[What to do] The answer is the full listing restated exactly, without any pictures.

[Recorded data]
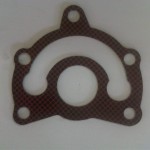 filter housing gasket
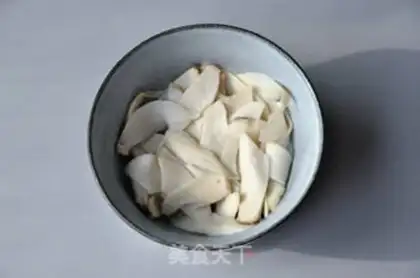 Make Boiled meat step 3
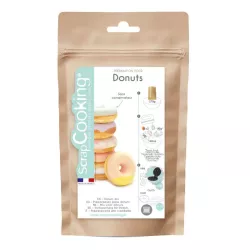 270g Mix für Donuts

[Answer to this exercise]
 filter housing gasket
 Make Boiled meat step 3
 270g Mix für Donuts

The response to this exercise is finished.